To obtain the general result stated below, it only remains to study the case 4H ²+κ<0. We highlight that the geometry of an H-surface in the homogeneous spaces \(\mathbb{E}(\kappa,\tau)\) varies essentially depending on the sign of 4H ²+κ. For instance, it is known that constant mean curvature spheres exist if, and only if, 4H ²+κ>0; see Theorem 2.5.3 in [5].

Theorem 1

Let Σ be a complete vertical H-multigraph in \(\mathbb{E}(\kappa,\tau)\). Then, one of the following statements hold:

1. (a)

   \(\mathbb{E}(\kappa,\tau)=\mathbb{S}^{2}(\kappa)\times \mathbb{R}\), H=0, and \(\varSigma=\mathbb{S}^{2}(\kappa)\times\{t_{0}\}\), for some \(t_{0}\in \mathbb{R}\).

2. (b)

   4H ²+κ≤0 and Σ is a vertical graph over a domain in \(\mathbb{H}^{2}(\kappa)\) whose boundary, if any, consists of complete constant curvature ±2H curves along which the graph takes infinite values. Moreover, if 4H ²+κ=0 then the graph is entire.
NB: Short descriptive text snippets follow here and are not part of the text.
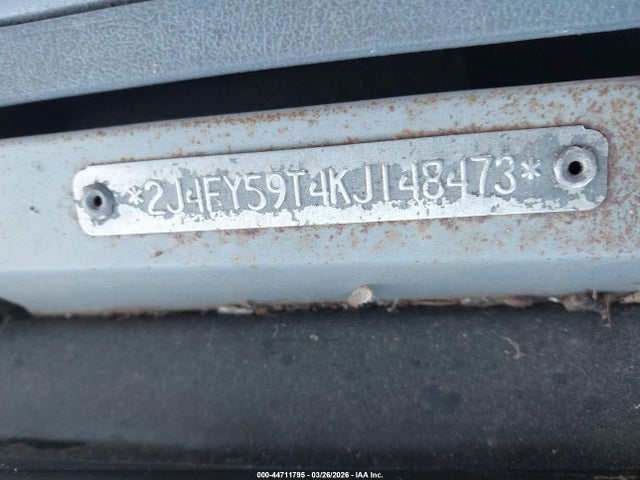 44711795 :رقم المزاد ، 2J4FY59T4KJ148473 vin ، 1989 Jeep Wrangler / Yj Laredo مزاد بيع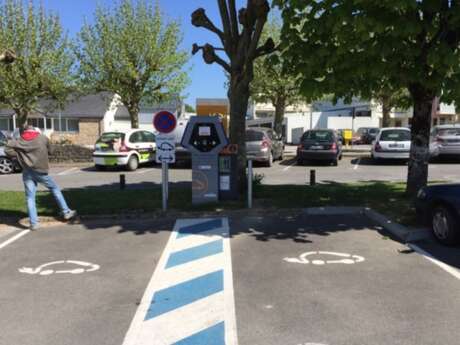 Borne de recharge pour véhicule électrique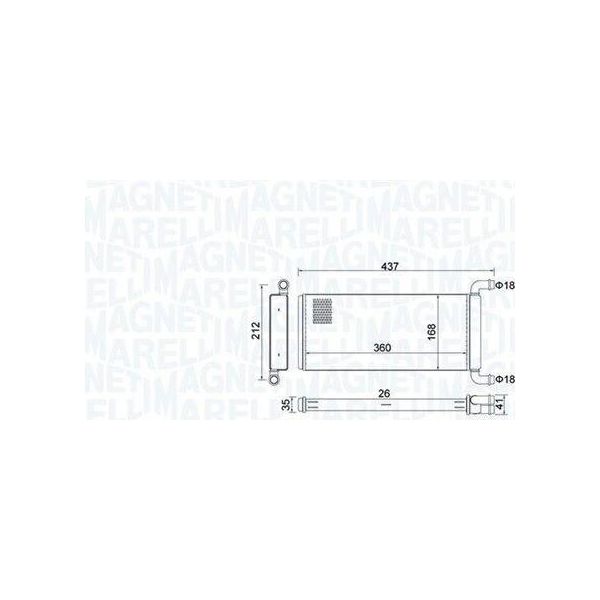 Magneti Marelli 350218451000 Scambiatore Di Calore Riscaldamento Interno Radiatore Per Vw Crafter 30-50 Furgone (2E) Crafter 30-35 Bus (2E) Adatto Per MERCEDES-BENZ-image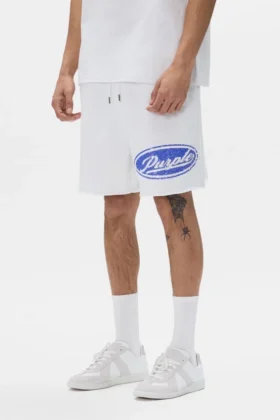 Sequin Script Shorts
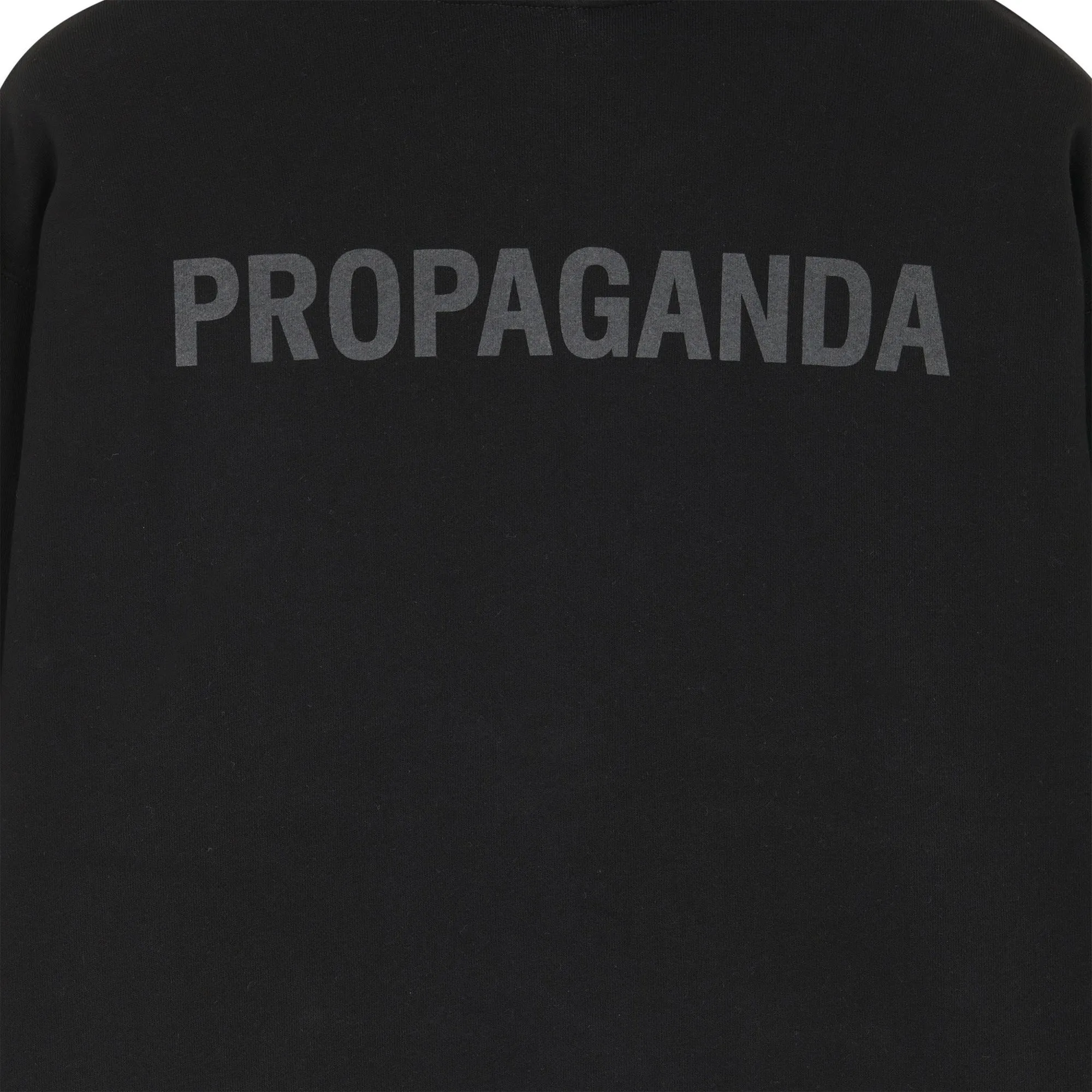 Propaganda Sweatshirt with hood and kangaroo pocket Logo Hoodie 22FWPRFE802-01 black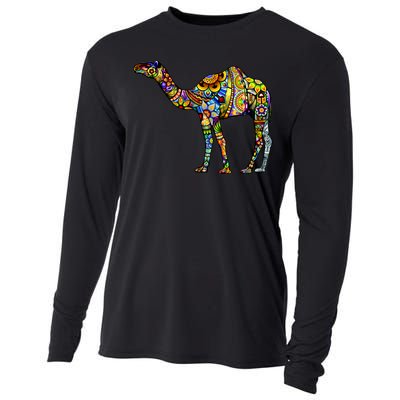 Colorful Camel Cooling Performance Long Sleeve Crew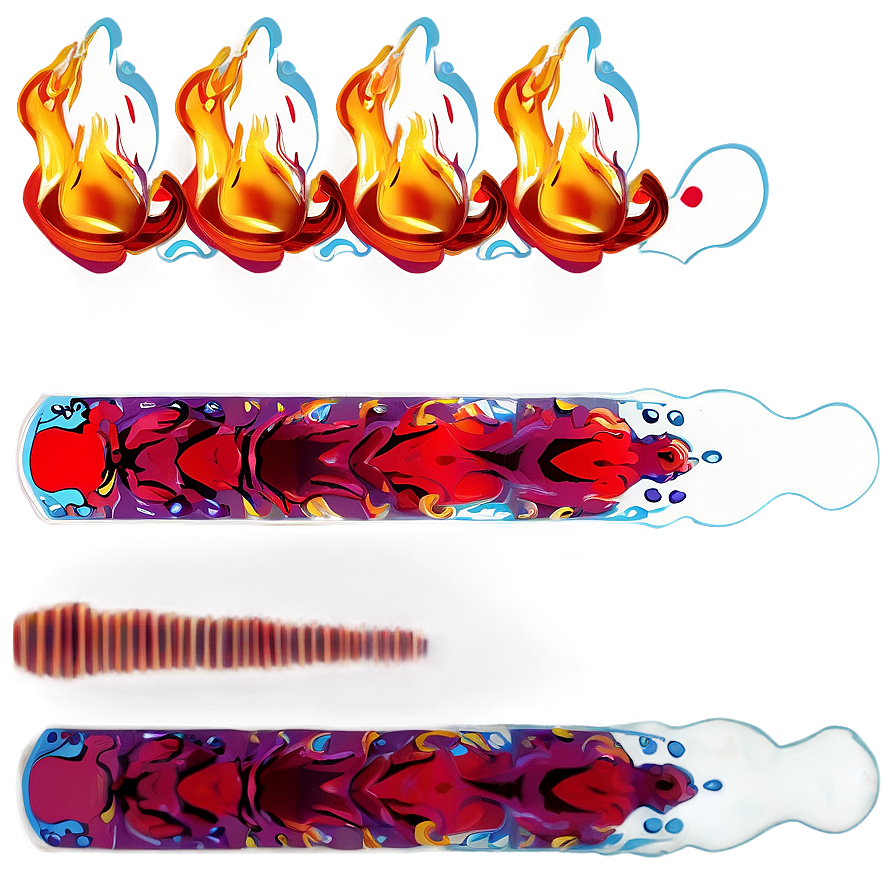 Red Fire Water Reflection Png Rak PNG Image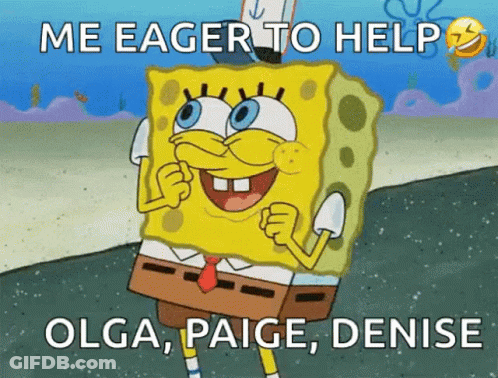 Spongebob Saying Me Eager To Help GIF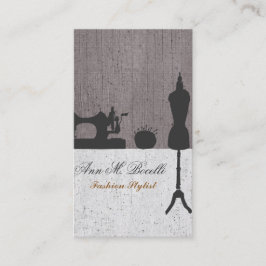 Makers Retro Naaien Mode  Mannequin Visitekaartje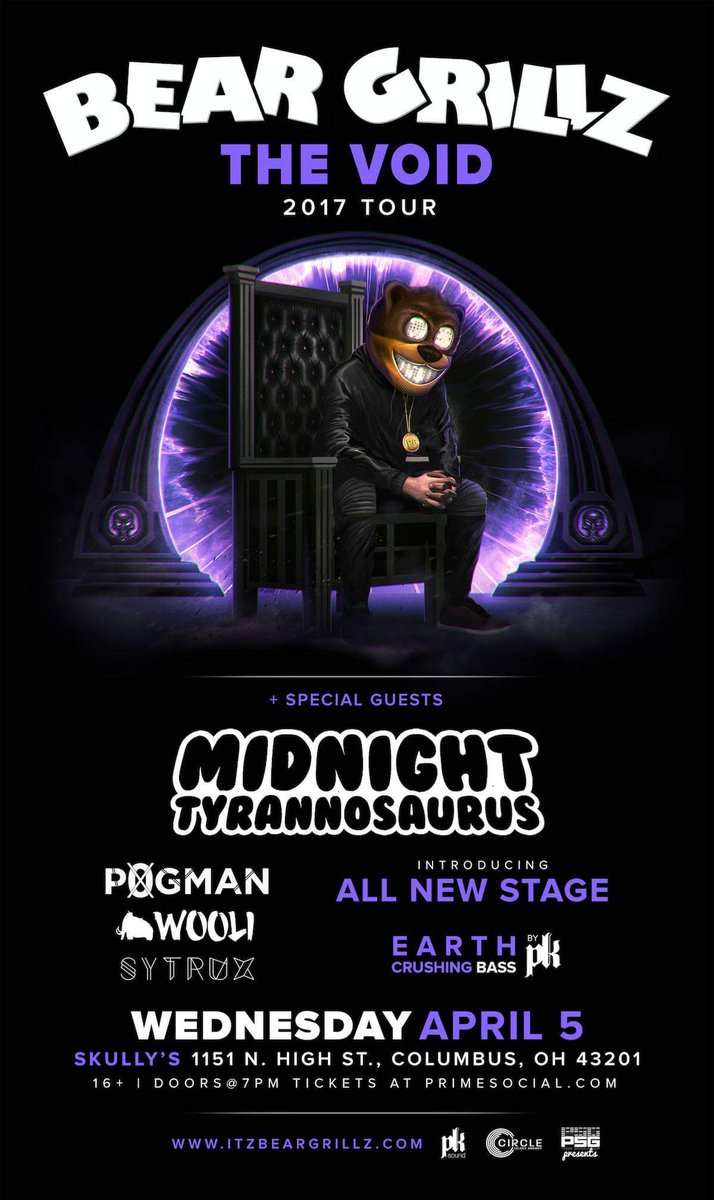 OHRaveChasers's tweet photo. 🐻GIVEAWAY🐻

~RT/Follow @PrimeSocial and US to enter
~Winner gets 2 tix to see @itsbeargrillz W/ Midnight T, P0GMAN, and Wooli
~Ends 4/3 🔥 https://t.co/cxmD2em46G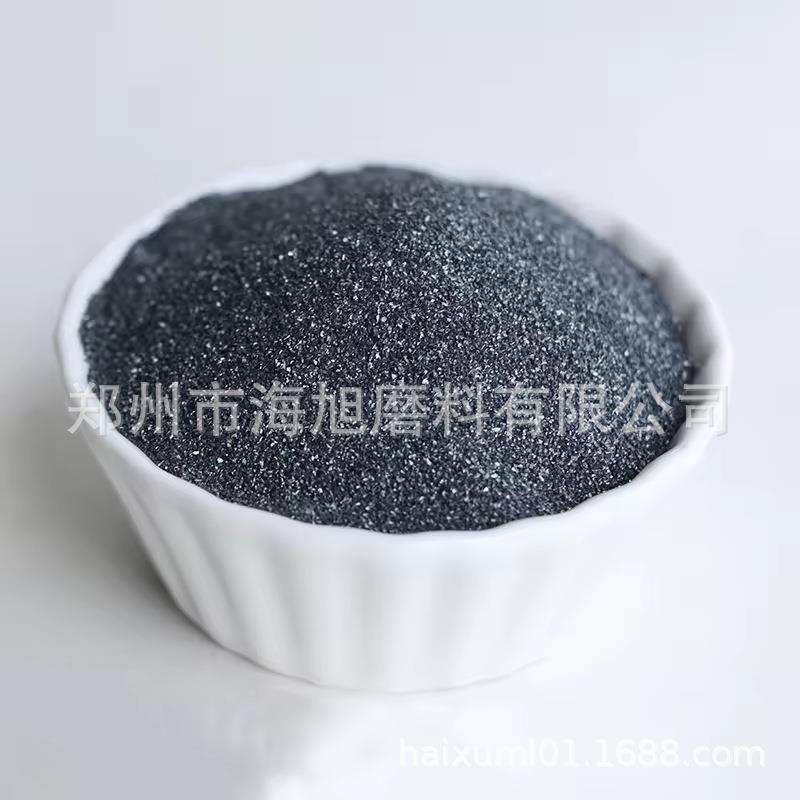 C0001石材喷砂研磨抛光用黑化碳磨料颗粒4砂2目3硅6目46目60目80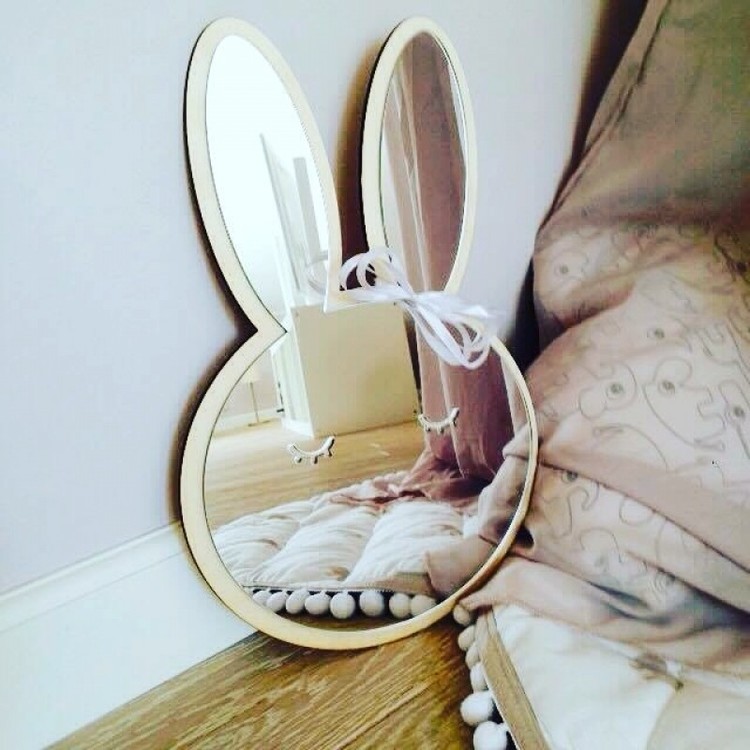 Little Bunny, rabbit mirror for the children's room Little Bunny, rabbit mirror for the children's room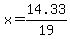 x=14.33%2F19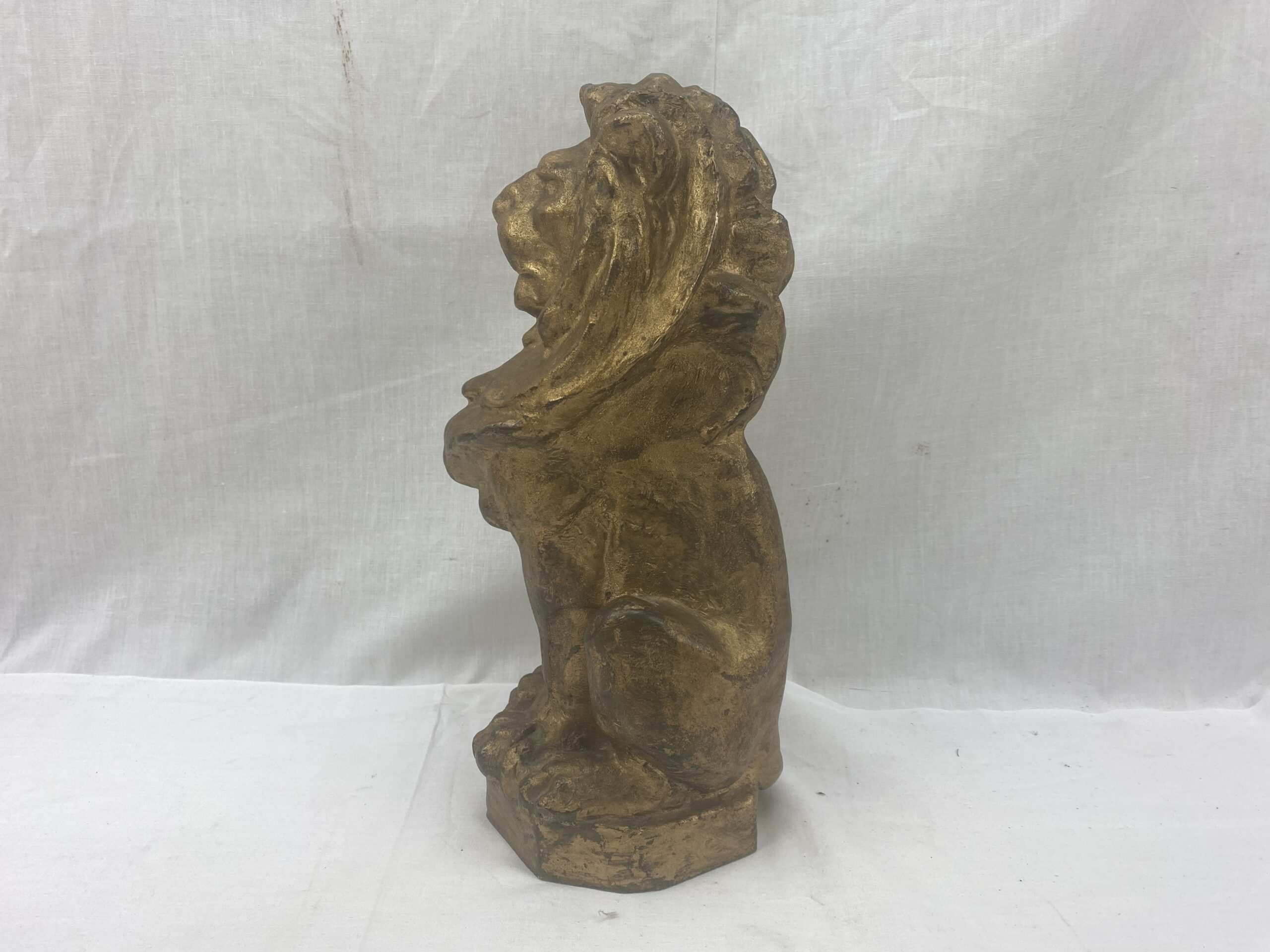 Royal Navy Bronze Sculpture 'Royalty Present' Lion Jackstaff - Image 8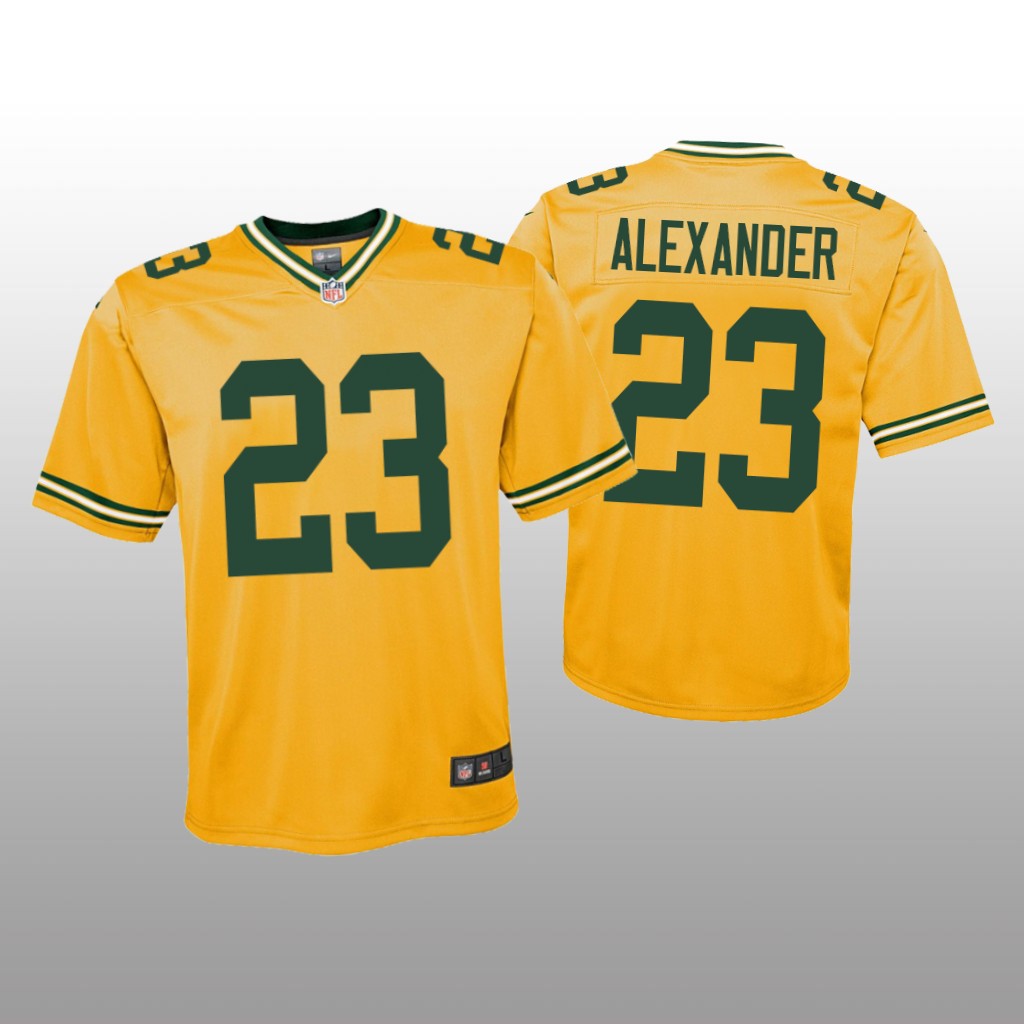 Green Bay Packers Jaire Alexander Gold Jersey Inverted Game - Youth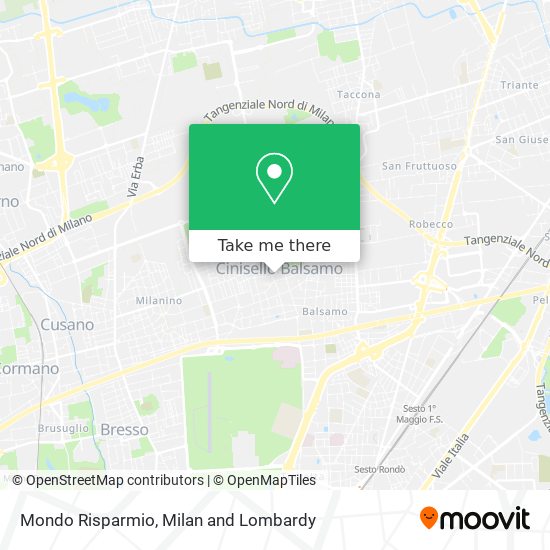 Mondo Risparmio map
We remark that the condition 4H ²+κ=0 in Theorem 1 is not necessary in order to obtain entire vertical H-graphs: Besides horizontal slices, other entire minimal vertical graphs in \(\mathbb{H}^{2}\times\mathbb{R}\) have been constructed by Nelli and Rosenberg in [17], by Collin and Rosenberg in [2], and by Mazet, Rosenberg, and the second author in [14]. The reader can also find some examples of rotationally invariant entire vertical H-graphs in \(\mathbb {H}^{2}\times\mathbb{R}\) for any \(0<H\leq\frac{1}{2}\) in [18]. We also emphasize that there exist many complete vertical H-graphs in \(\mathbb{H}^{2}\times\mathbb{R}\) which are not entire:

• On the one hand, Sa Earp [21] and Abresch gave an explicit complete minimal vertical graph defined on half of a hyperbolic plane. In [2, 14], some complete minimal examples in \(\mathbb {H}^{2}\times \mathbb{R}\) (which are vertical graphs over simply connected domains bounded by finitely many complete geodesics where the graph has non-bounded boundary data, and/or finitely many arcs at the infinite boundary of \(\mathbb{H}^{2}\)) are given. Melo constructed in [16] minimal examples in \(\widetilde{\mbox{SL}_{2}}(\mathbb{R})\) similar to those in [2].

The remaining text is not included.